“Aqui só deviam pagar quando ganhamos!”, dizia rispidamente Heleno de Freitas num vestiário, após uma partida do Botafogo. E ele emendava, ainda mais severo: “Meu Botafogo não é lugar de covardes!”. O diretor José Henrique Fonseca faz um excelente trabalho ao arrancar do ator Rodrigo Santoro uma de suas maiores atuações da carreira, talvez a maior.
Santoro – um brilhante Heleno e também produtor da obra – esbraveja de maneira explosiva as tais frases citadas acima. O filme não vai de maneira frequente ao campo de futebol. Está além disso. Fonseca nos brinda com a história intensa do muito explosivo jogador de futebol Heleno de Freitas. Fosse nos dias de hoje, certamente estamparia os jornais não apenas pela sua entrega com raça ao futebol, mas pelo que fazia fora das quatro linhas.

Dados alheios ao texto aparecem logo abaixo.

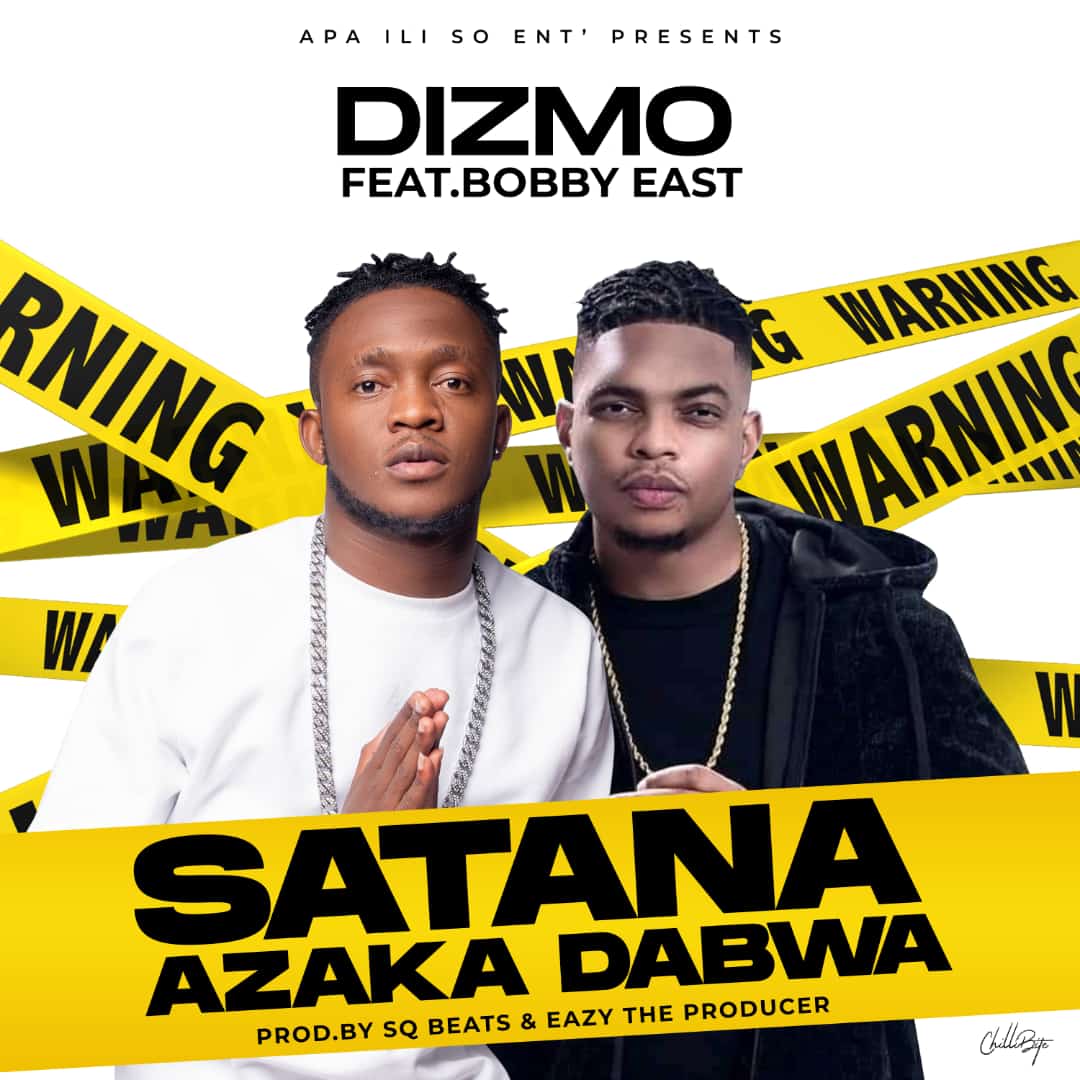 Dizmo ft Bobby East – Satana Azakadabwa Mp3 Download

Mesmo tendo exercido ótimos personagens em “Bicho de Sete Cabeças” (2000) e “Carandiru” (2003), Rodrigo Santoro ganha aqui também um gigante destaque na mídia internacional. A baita transformação pela qual passou Heleno de Freitas, com sentimentos explosivos até chegar à esquizofrenia, é a espécie de papel que bons atores almejam. Diversos tipos de personalidades em tela. E Santoro desfila por elas com classe, de fato se transformando como aconteceu com Heleno. Inclusive no final da vida do jogador.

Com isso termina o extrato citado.